Buying Political Risk Insurance

Kirk Pasich , Sandra Smith Thayer


June 1, 2011

When regimes fall as they have throughout the Middle East and Northern Africa since the start of the Arab Spring, major business disruption results. Enter political risk insurance. The types and terms of political risk policies can vary, however, often significantly. The following are common elements of coverage that risk managers should consider.

Contract frustration insurance protects an insured's trade or sales contract with a foreign company from an action (or inaction) of the foreign government. The insured risks may include confiscation, nationalization, expropriation or changes in the foreign country's law. The policies typically require that the government's action or inaction result in the termination of the contract, prevent the performance of the contract or result in the foreign company having a valid discharge of its duties under the contract. Contract frustration insurance may also protect against losses from an embargo or license cancellation from war, political violence, insurrection, actions by armed forces, strikes or riots.

Currency inconvertibility insurance protects an insured doing business in a foreign country if it cannot convert local currency into U.S. dollars. It typically applies when a foreign government enacts new currency restrictions.

Expropriation insurance protects an insured's investment or assets in a foreign country from the foreign government's unlawful confiscation, nationalization or expropriation.

Political violence insurance protects an insured against property and income losses incurred as a result of politically charged events in the foreign country, including war, civil unrest, revolution, riots and politically motivated terrorism.

Stand-alone terrorism insurance protects against losses from violent acts, including those involving chemical, biological or other weapons of mass destruction. Terrorism coverage typically is much narrower than political violence coverage, and policies can only be purchased from a limited number of suppliers. Political risk insurance can be obtained from "official" insurers, such as the Overseas Private Investment Corporation (a U.S. agency) and the Multilateral Investment Guarantee Agency (an agency of the World Bank) or from private market insurers (such as London market insurers, Zurich North America or Chartis).

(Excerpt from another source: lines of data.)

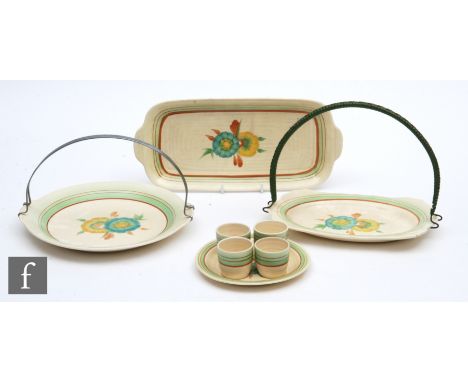 A Clarice Cliff egg cup set circa 1936,&nbsp;hand painted with flower heads with green and brown banding, together with a san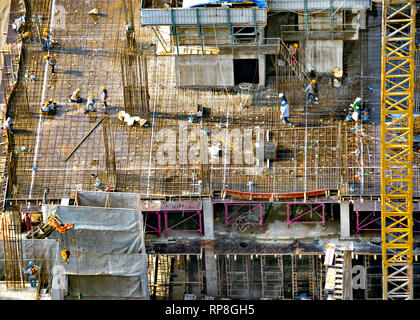 Aerial view of a building construction with tower crane, scaffolding, formwork, equipment, and work crews placing reinforcing steel bars. Stock Photo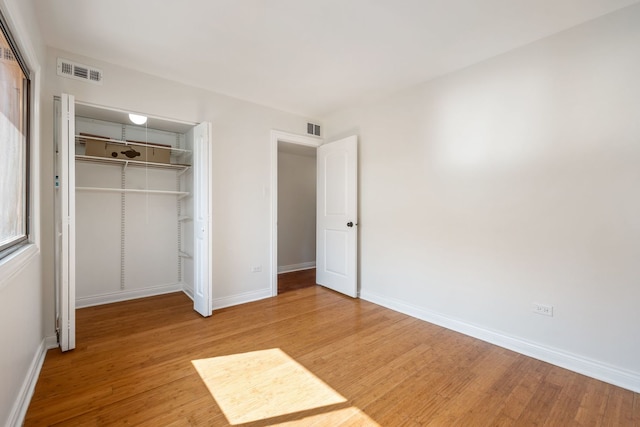 unfurnished bedroom featuring a closet and hardwood / wood-style floors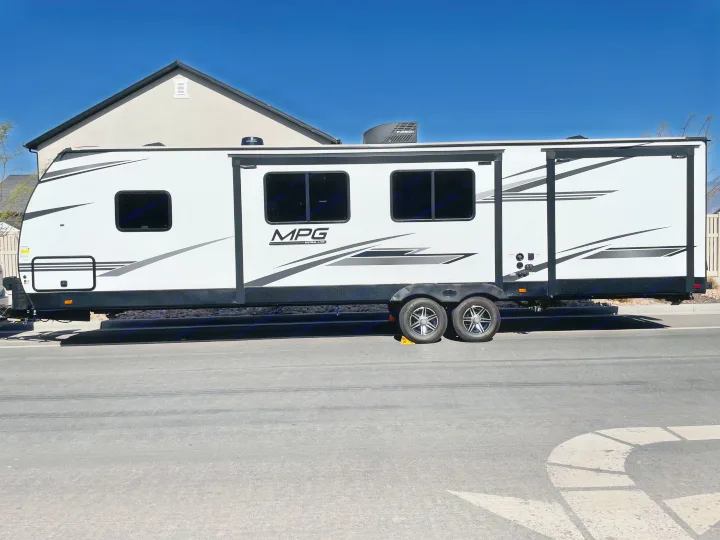 White travel trailer RV, possibly for rv rental, parked on asphalt with a house in background. Features "MPG ULTRA-LITE" graphics.. Other Other 2021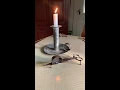 Using an 18th century candle wick trimmer and snuffer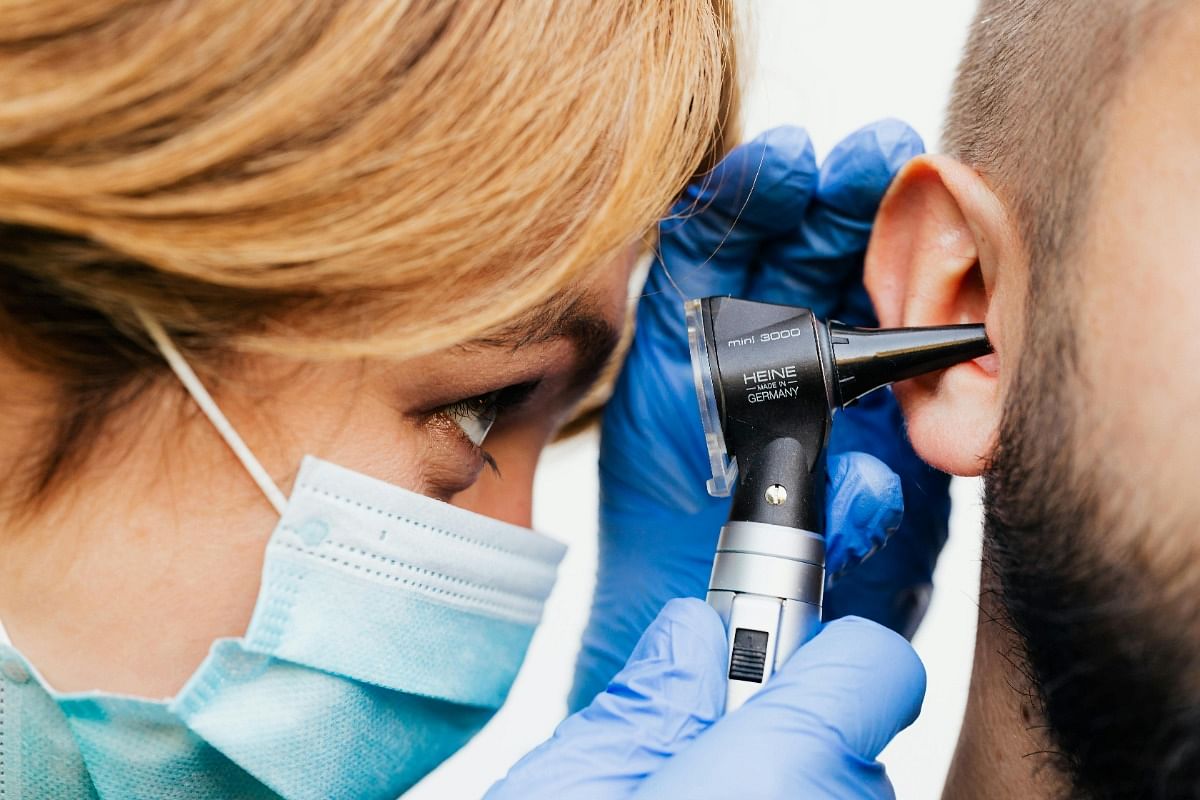 ENT looking in man\'s ear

Policy forms and terms vary between the markets. OPIC and MIGA coverage typically has longer policy periods than private market policies. OPIC also has the benefit of being backed by the U.S. government, while MIGA is backed by the World Bank. However, both OPIC and MIGA have certain eligibility requirements that private market insurers do not have. In order to qualify for OPIC political risk insurance, a prospective insured must be a U.S. company, the investment or project to be insured must be registered with OPIC and the company must obtain the foreign government's approval of the insurance. In order to qualify for MIGA political risk insurance, a prospective insured must be making the investment in a MIGA member country and the projects involved must "be financially and economically viable, environmentally sound, and consistent with the labor standards and other development objectives of the country hosting the investment."
Kirk Pasich is a partner at Dickstein Shapiro.
Sandra Smith Thayer is a partner at Dickstein Shapiro.